What the task asks ▸ Pictures stay out; please output the remaining data exactly.

Data segment ▸
..............................

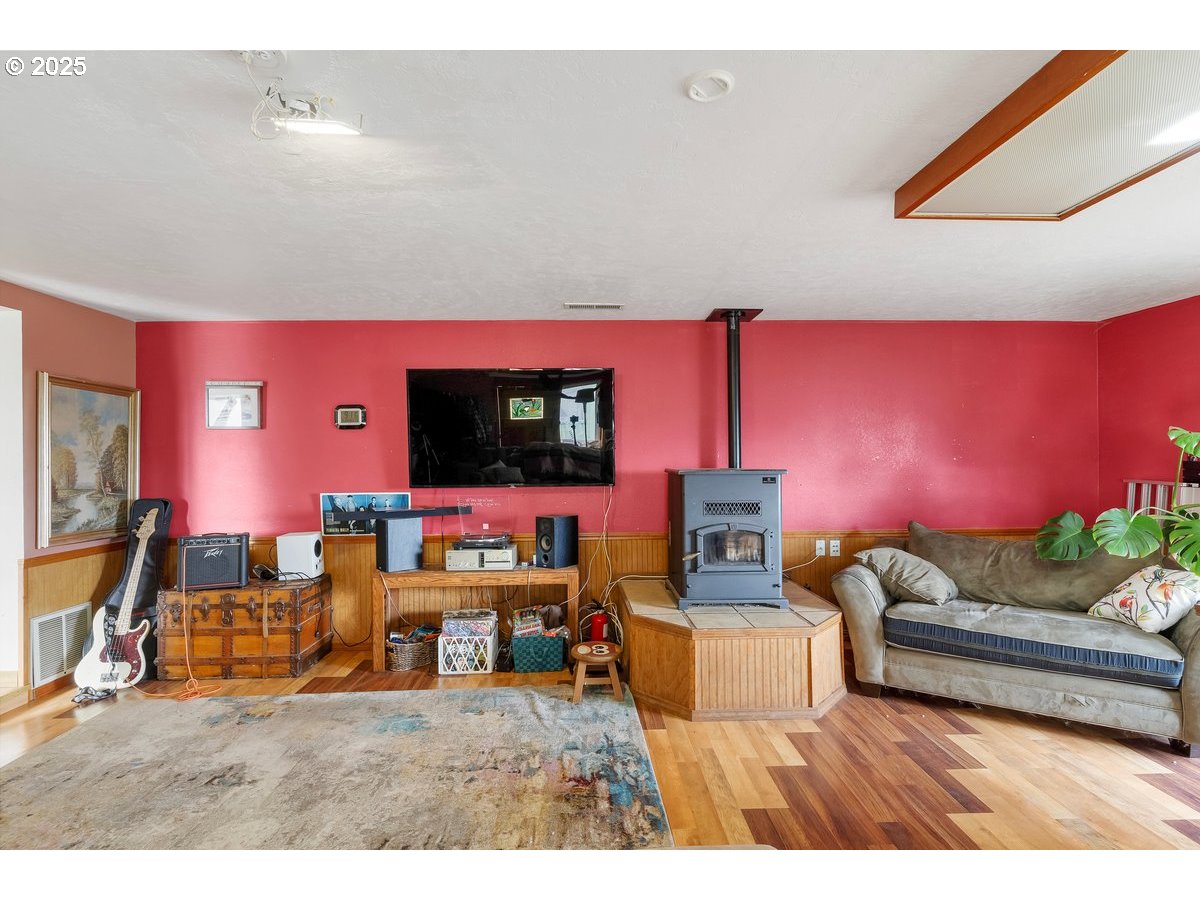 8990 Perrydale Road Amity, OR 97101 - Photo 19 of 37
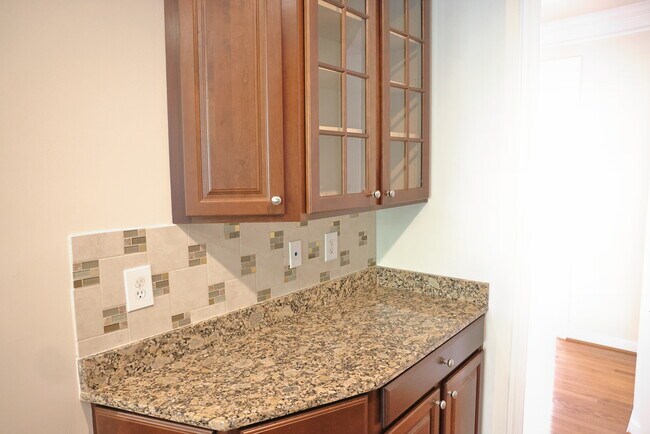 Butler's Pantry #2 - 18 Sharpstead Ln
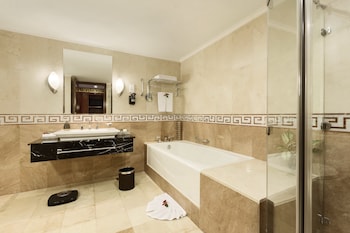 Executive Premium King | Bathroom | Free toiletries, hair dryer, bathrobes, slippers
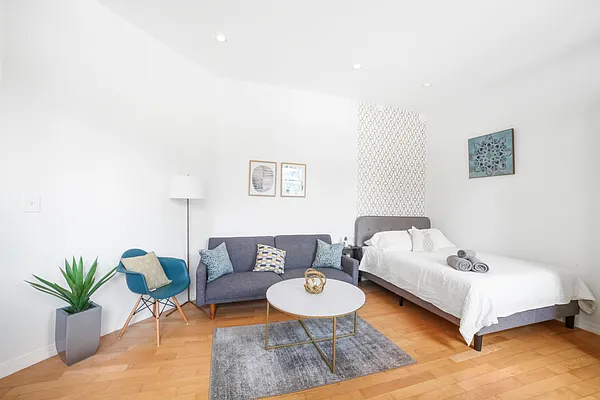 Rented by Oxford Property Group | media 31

..............................

Response to the exercise ▸
 8990 Perrydale Road Amity, OR 97101 - Photo 19 of 37
 Butler's Pantry #2 - 18 Sharpstead Ln
 Executive Premium King | Bathroom | Free toiletries, hair dryer, bathrobes, slippers
 Rented by Oxford Property Group | media 31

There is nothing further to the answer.